While learning about Columbus Day, I showed my first grader google images of Native Americans, and asked him if he had ever seen such people – the most prominent images featured people with piercings and sticks through their mouth, nose and ear, wearing different kind of colorful clothing and some half-naked. He said he had never seen any such people! And yes! This from a child who spent the last three years and a half living around Africa [goes to tell, not all Africans are the stereotypical “Masaai, Karamojong or San” popular on many postcards and TV documentaries popular in the United States!] I explained that the reason he does not see such Americans very often is because when Christopher Columbus arrived in America, they were pushed into reservations and forced to change their clothing, culture, language and look. They were forced to speak English and other Europeans languages, dress and behave like Europeans.

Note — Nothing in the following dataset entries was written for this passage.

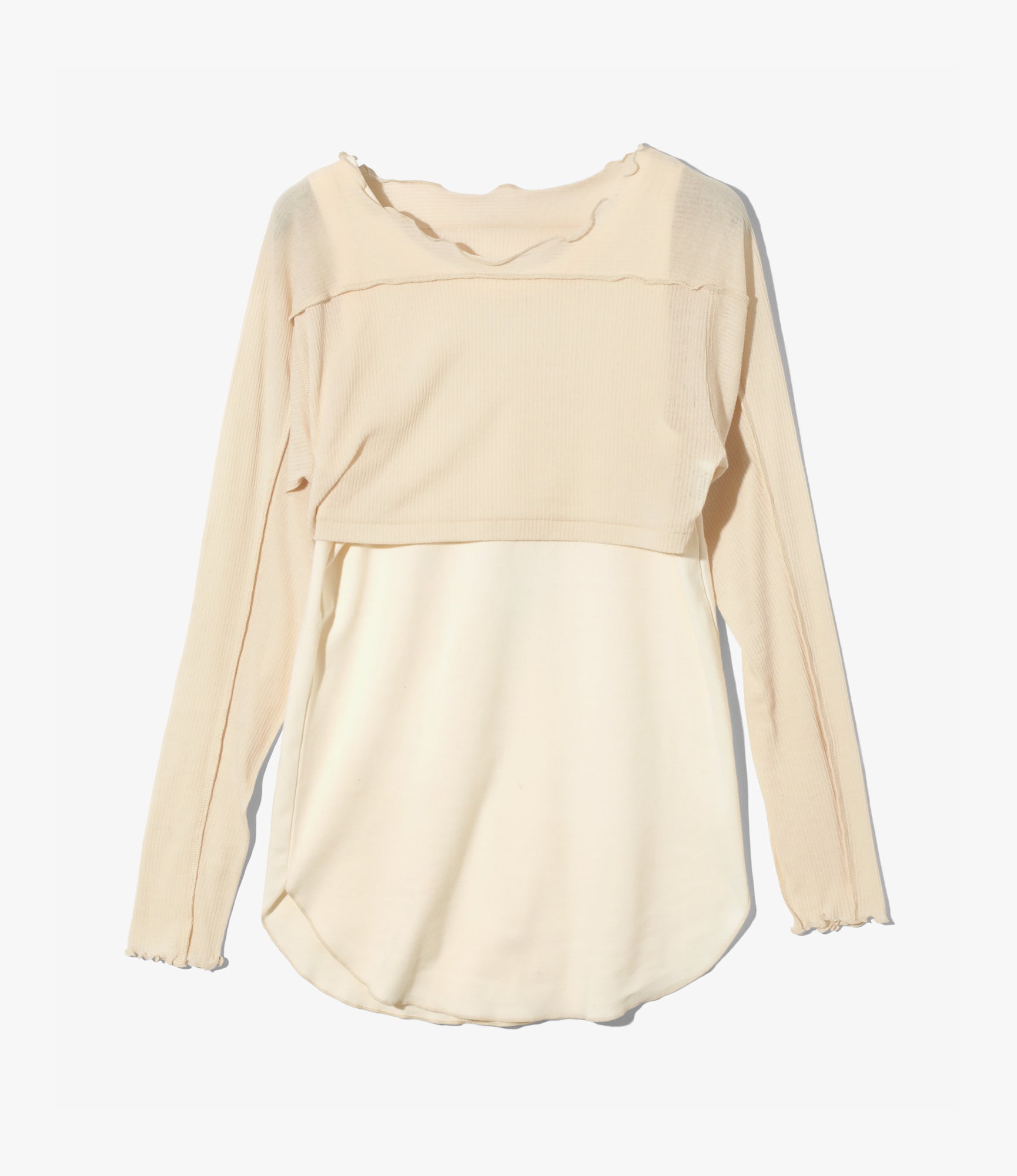 Tank Top/Long Sleeve T-Shirt – Natural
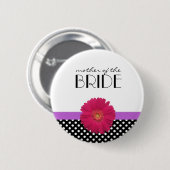 Mutter des Braut-Tupfen-Knopfes Button (Vorne & Hinten)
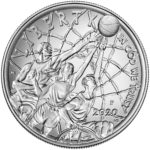 2020 Basketball Hall of Fame Commemorative Silver One Dollar Uncirculated Obverse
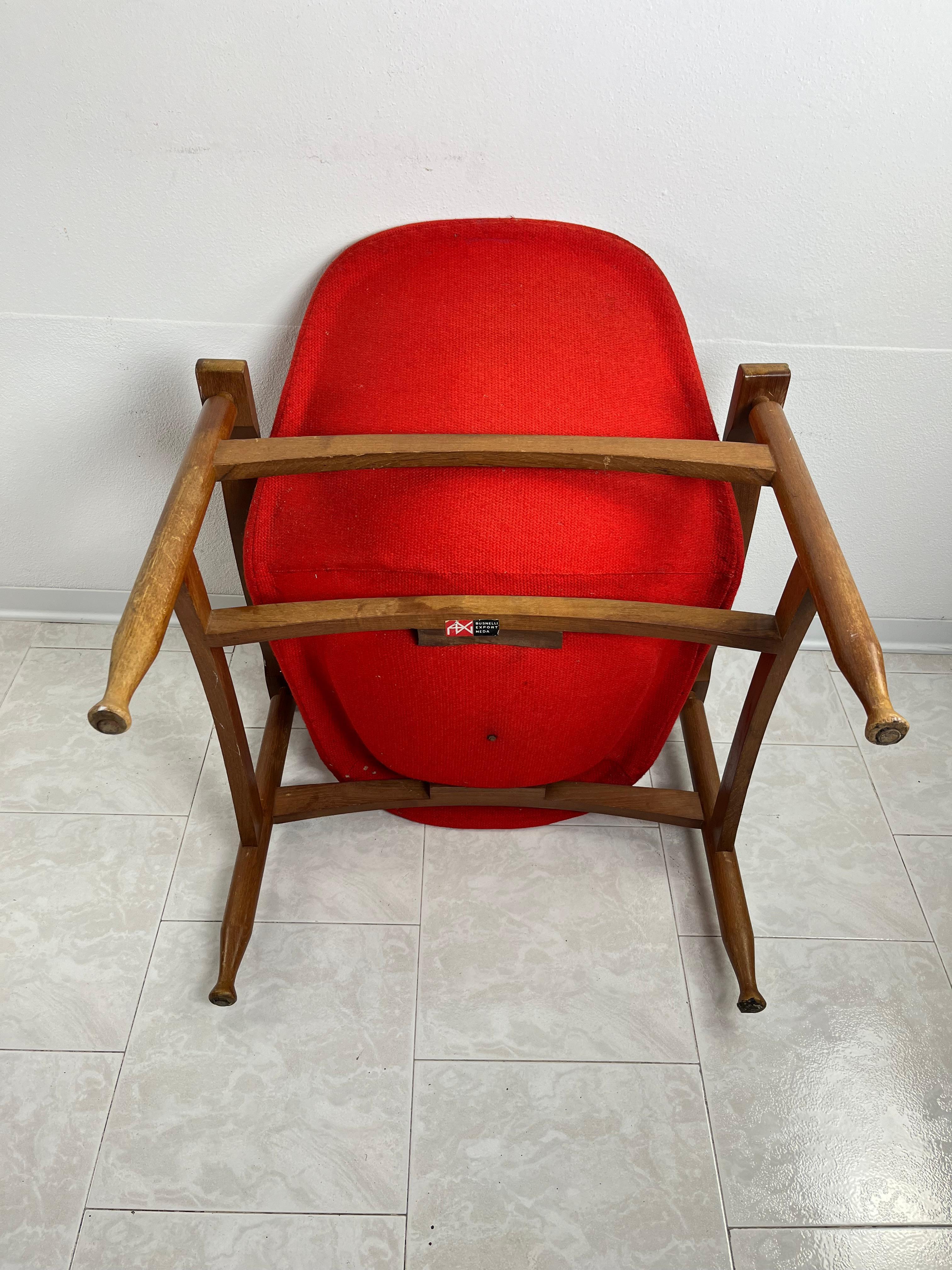 Busnelli Sessel Mitte des Jahrhunderts Italienisches Design 1950er Jahre im Angebot 2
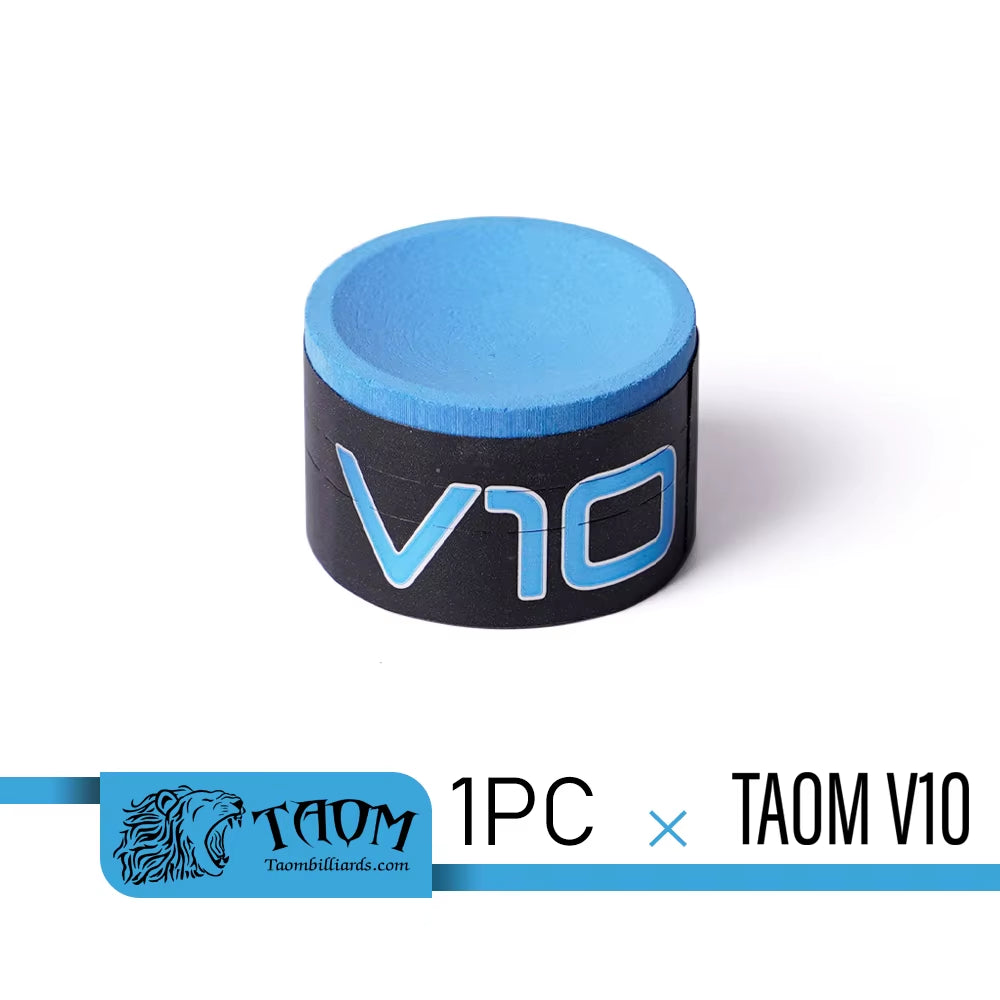 TAOM Chalk V10/Pyro/Soft Billiard round Chalk Blue/Green/Pink Colors Professional Chalk Snooker Pool Chalk Billiards Accessories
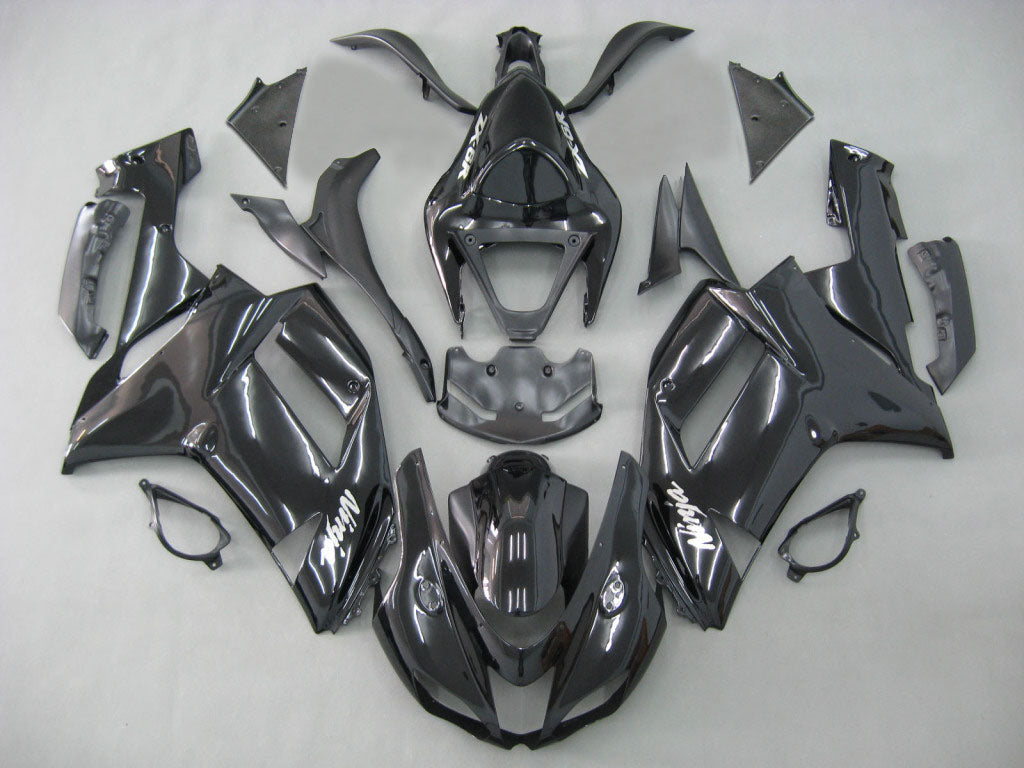 Generic Fit For Kawasaki ZX6R 636 (2007-2008) Bodywork Fairing ABS Injection Molded Plastics Set 13 Style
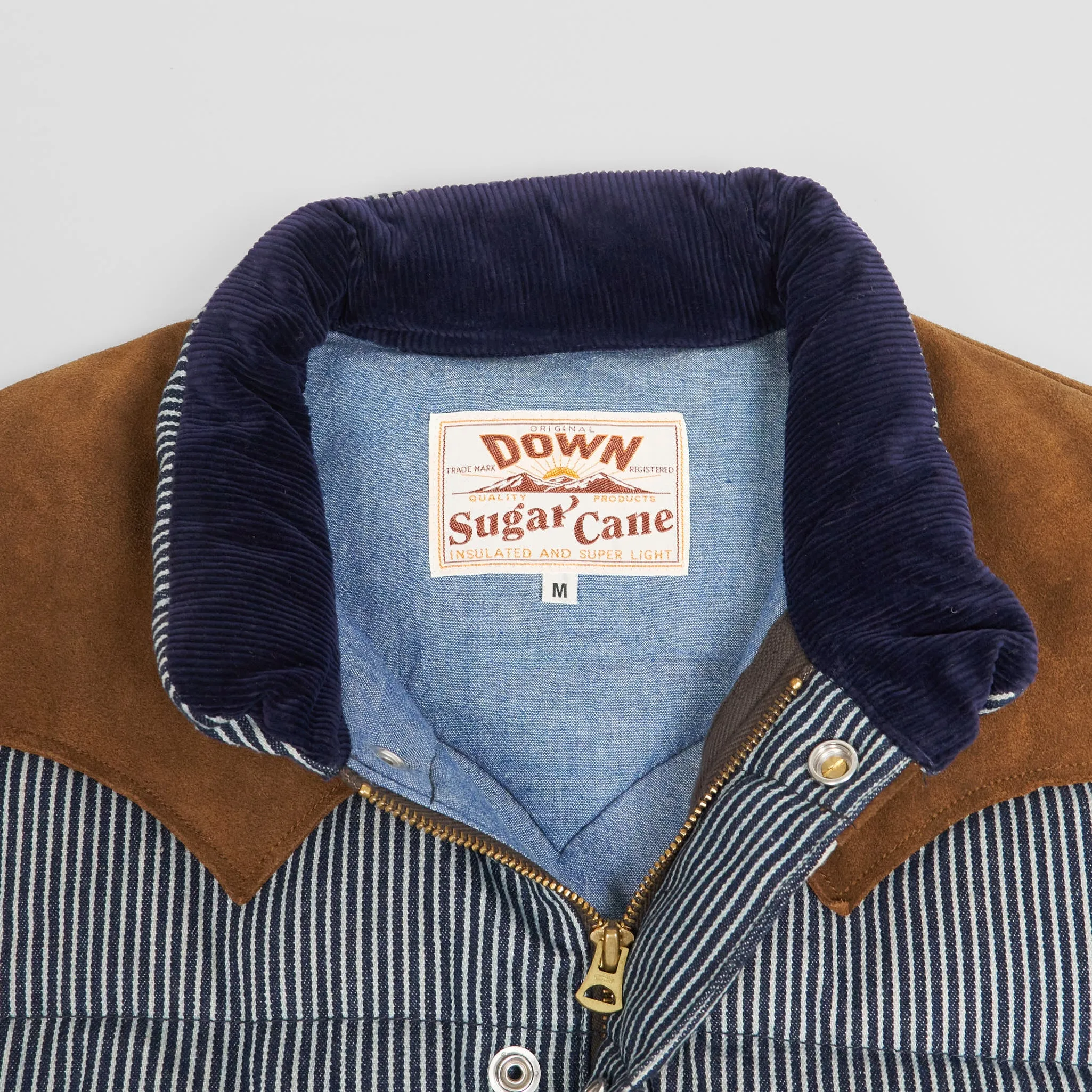 Sugar Cane Denim Stripe Down Vest sold by DeeCee style product image thumbnail 4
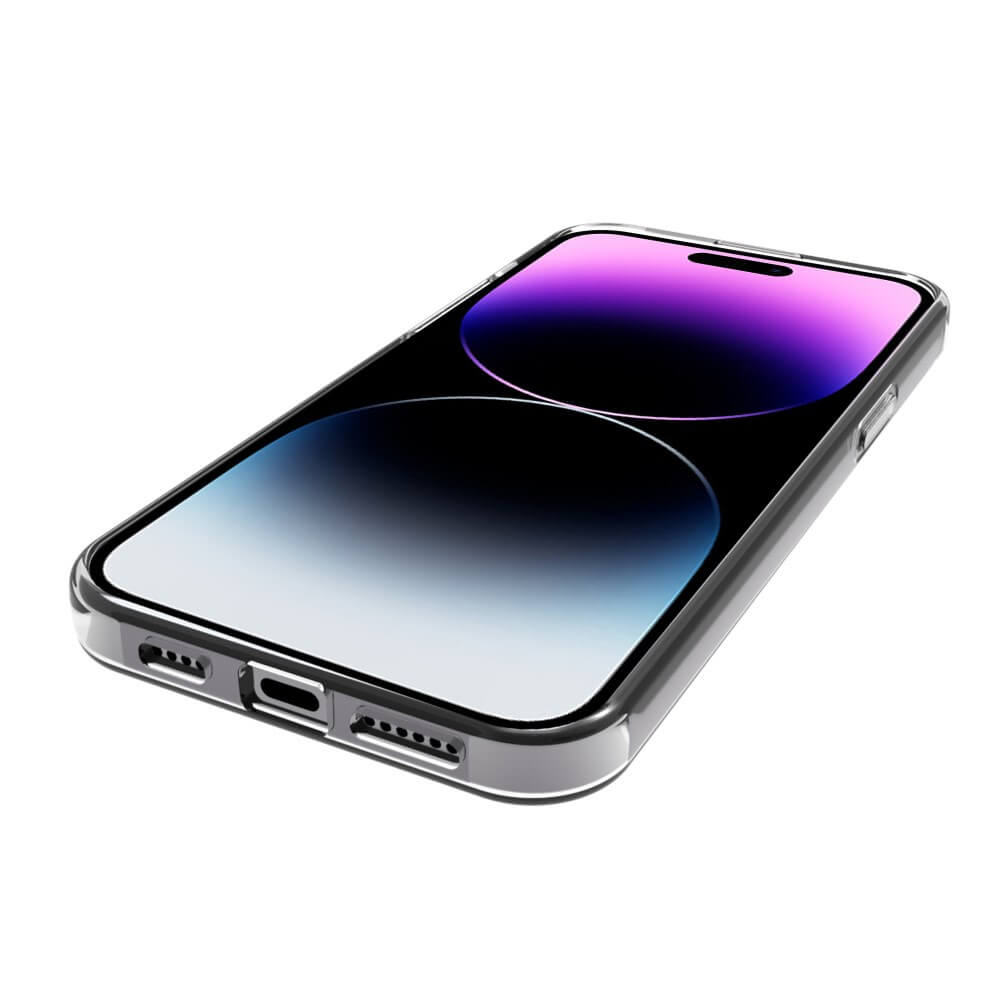 iPhone 15 Pro Max - Silikon Gummi Case transparent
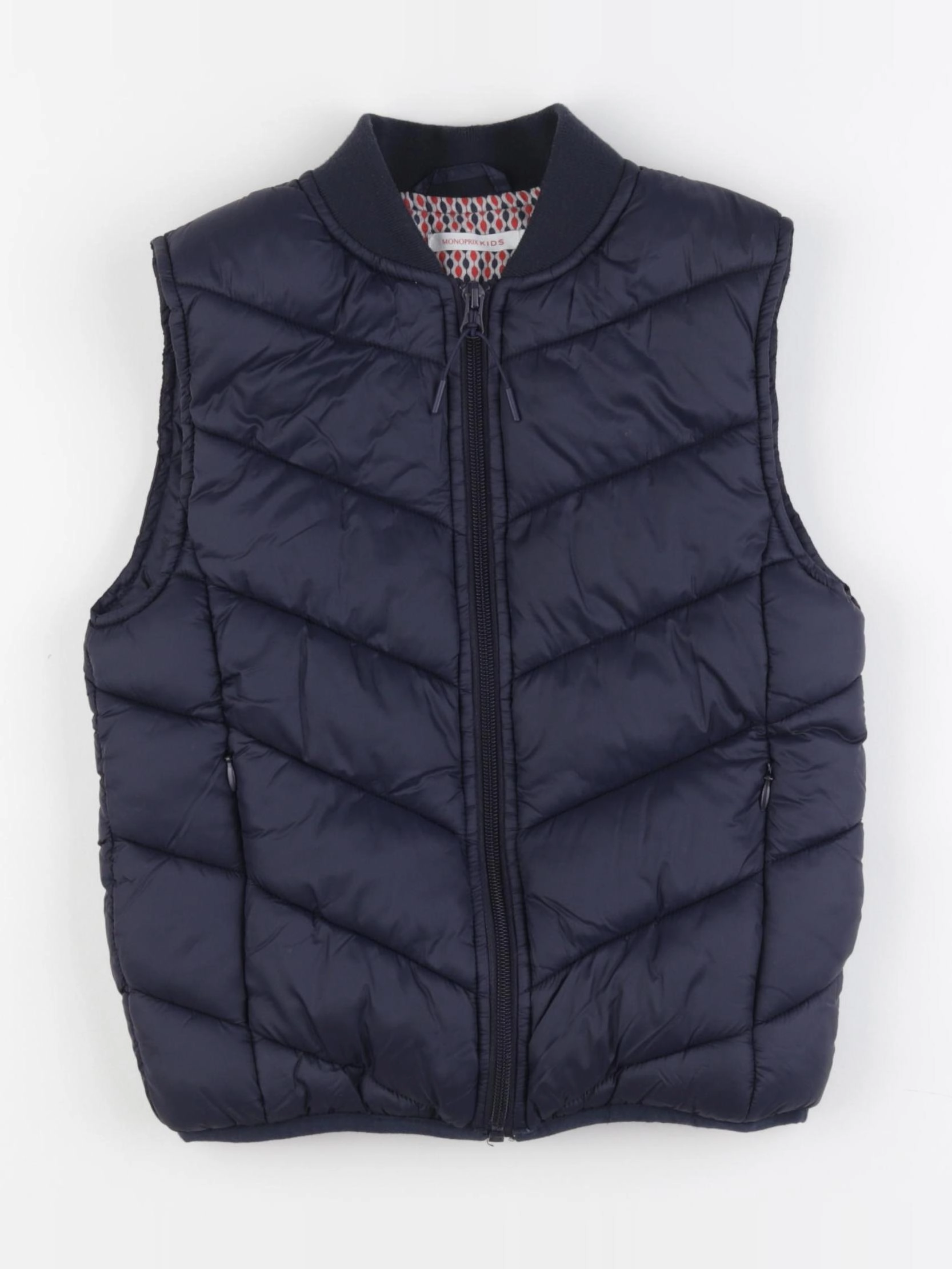 Monoprix - doudoune bleu - 8 ans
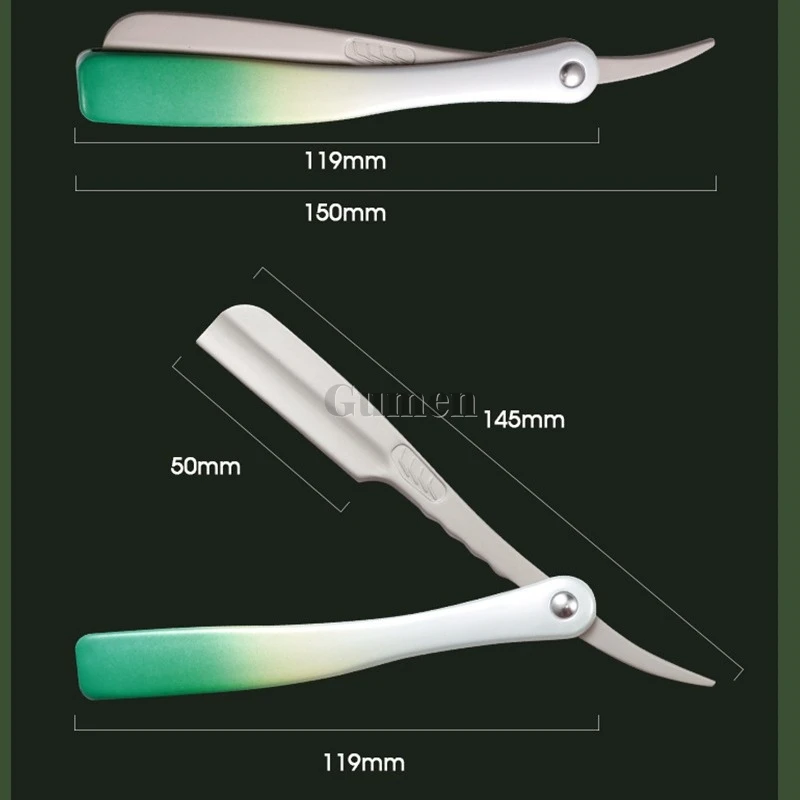 2026 المضادة للخدش مستقيم الحلاقة صالون حلاقة اللحية مكشطة الرجال تصفيف الشعر للطي ماكينة حلاقة ل 10/25 التيار المتناوب شفرات أمان الحلاقة #5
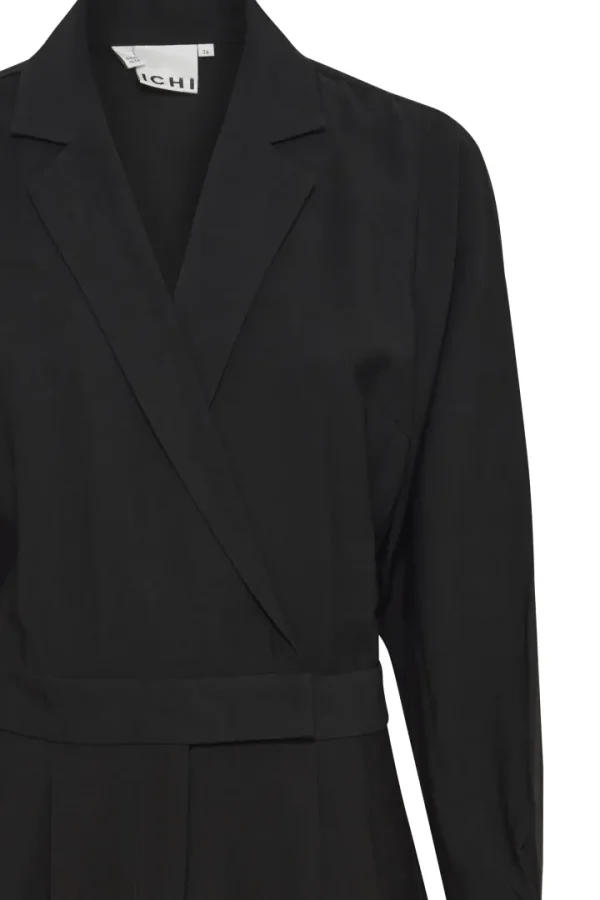 Ichi Jumpsuits<RAMLA JUMPSUIT (BLACK)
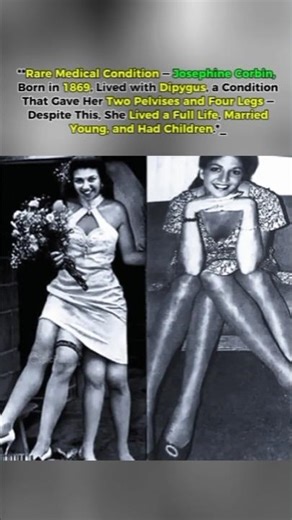 Born With Four Legs — The Extraordinary Life of Josephine Corbin #facts #history #shorts
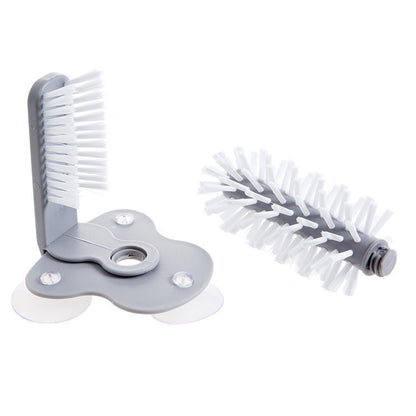 1 Cup Scrubber Glass Cleaner Bottles Brush
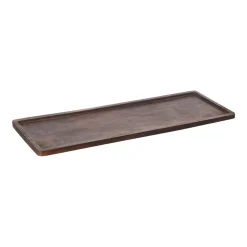 Plateau en bois Ernst 15x45 cm, Marron foncé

I also showed my First Grader pictures of ‘The New Americans” dressed in business suits, swimsuits, shorts, jeans, t-shirts and baseball hats, and asked him if he had seen that kind of America? Yes to all, except to my surprise, not the ones dressed in business suits, not even at his school! Then he said that he had seen Captain America before, one of images on the page we googled. His focus diverted to Captain America, and he inquired more about why Columbus not Captain America saved America? I had to tell him Captain America is a fictional character, developed to allow kids and adult dream big, wild, and to entertain. We spent sometime on CA and other fictional characters.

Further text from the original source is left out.